At some point before 2030, the ISS will be de-orbited by Nasa and Axiom Station will become a standalone, state-of-the-art space station that reimagines the way humans will live and work in space.
Space stations are here to stay. The ISS is the ninth to be inhabited by crews and Axiom Station will be the 10th. The first space station, Salyut 1, was launched by the Soviet Union (USSR) in 1971. During the 1970s, the USSR also launched three military space stations, Salyut 2, 3 and 5. In concept, they were primitive precursors of Darth Vader’s Death Star in the Star Wars films. Death Star was a vast military space station that was destined to enable the Empire to dominate the Universe.
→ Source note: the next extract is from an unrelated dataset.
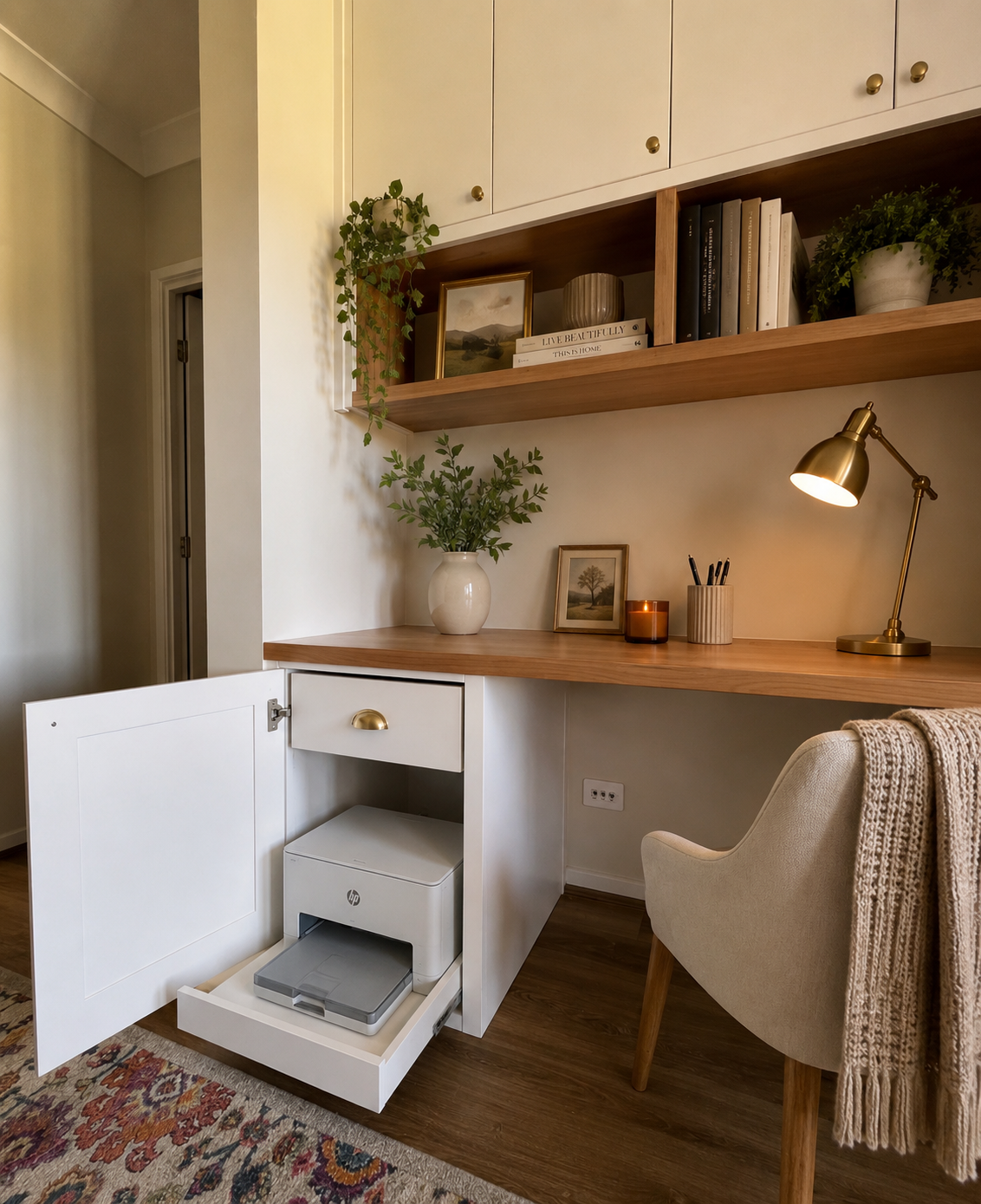 Built In Desks/Oak Top/Shelves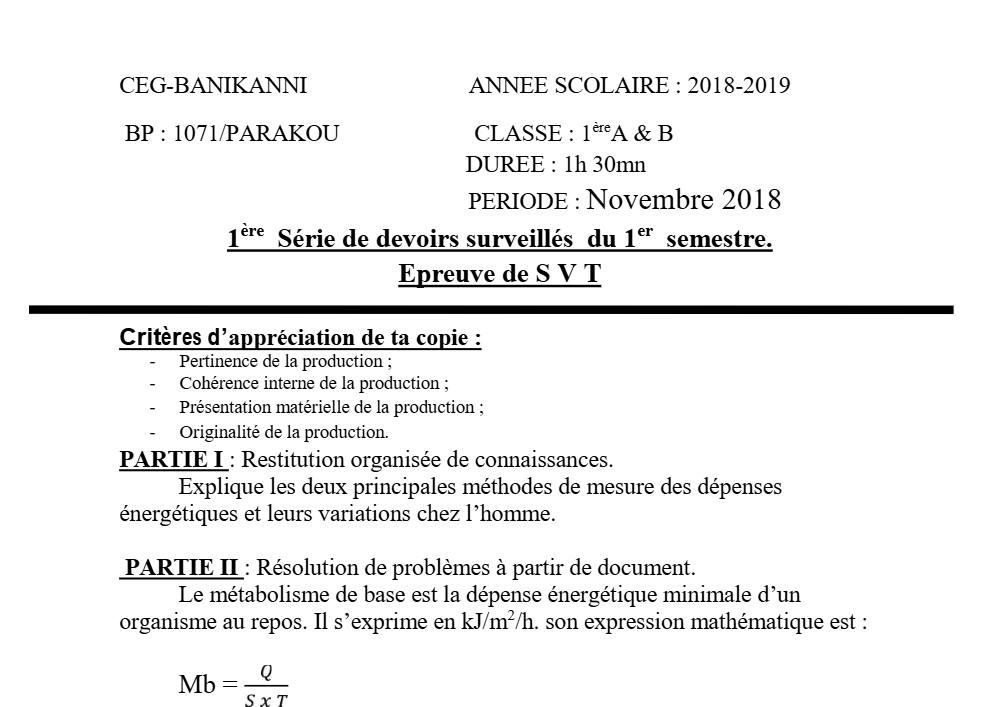 Aperçu de la première page — 1ère AB SVT Devoir 1 Semestre 1 CEG Banikanni 2018 2019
Cold War rivalry did not allow the USSR to dominate space militarily, however. In 1973, the US launched a civilian space station, Skylab. The USSR space station programme transitioned in the 1980s to the civilian Mir programme.
With the Cold War over, in 1993 Nasa started building the current ISS in partnership with the EU, Canada and Japan and invited Russia to join the project, creating the largest and most successful experiment in peaceful international cooperation in space.
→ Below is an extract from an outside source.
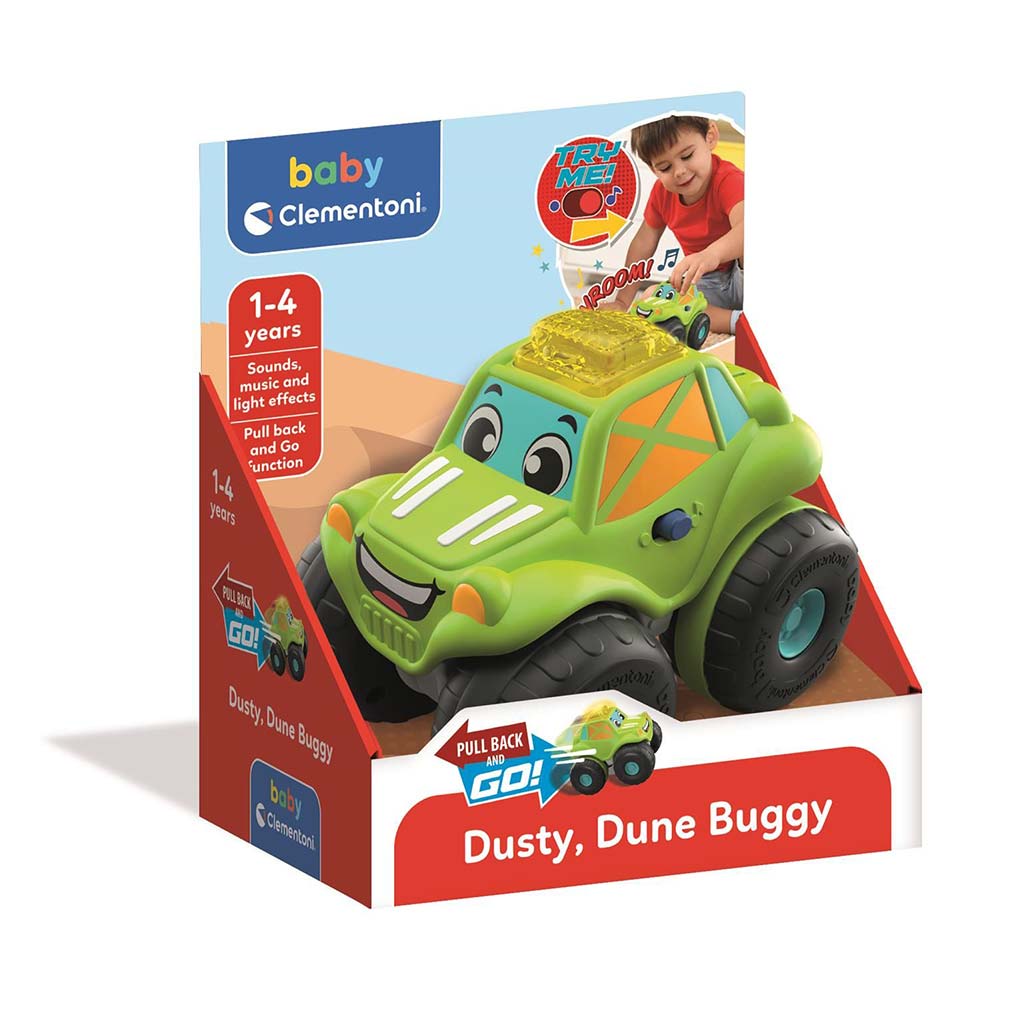 Dusty, Rückziehauto Baby-Dünenbuggy mit Sound und Licht – Clementoni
Today, more than 250 astronauts have made more than 400 flights to the ISS. A fully crewed ISS has seven astronauts aboard but numbers have grown to as many as 13. The ISS is divided into two sections, one managed by Nasa and its allies and the other by Russia, and so far there has been peaceful cooperation between them.
The future of Russia’s participation in the ISS programme is uncertain after its invasion of Ukraine. Moscow defiantly announced a partnership with China to place a new space station in orbit around the moon.
China launched its own space station, Tiangong (Sky Palace), in 2022. Tiangong is about one fifth of the size of the ISS and can accommodate up to six astronauts and two docked ships.
While the ISS has a high level of transparency about its mission and operations, with the cooperation of 15 nations and an expanding number of international and commercial partners, there is much we do not know about Tiangong. Unlike the ISS, which is purely civilian, it appears to be a military/civilian fusion cell more akin to the USSR’s Salyut 2,3 and 5.
For example, Tiangong is equipped with a new microwave beam technology that can transmit energy to Earth around the clock. It could be used to distribute solar power but could potentially be a powerful new energy weapon. Which it will be remains to be seen.
Later this year, I will host the first conference on space stations in Washington, DC to help ensure they remain dedicated to peaceful projects based on the ISS model as opposed to Darth Vader’s Death Star.
As Peggy Whitson has said, the ISS is a key bridge between Earth and travel to deep space. The new Axiom Station will serve as a halfway station for Nasa’s planned Artemis lunar base scheduled for 2027, and it will host a valuable training programme for future missions to Mars.
Axiom Station will be the model for future space stations that could be placed in orbit around the moon and Mars. And it will be the base for peaceful development of all the undiscovered resources in our solar system with its brilliant star, eight planets and 146 moons.
*Andre Pienaar is the founder and CEO of C5 Capital, a minority shareholder of Axiom Space. He is also the majority investor in NVWB Media Group, the publishers of Vrye Weekblad.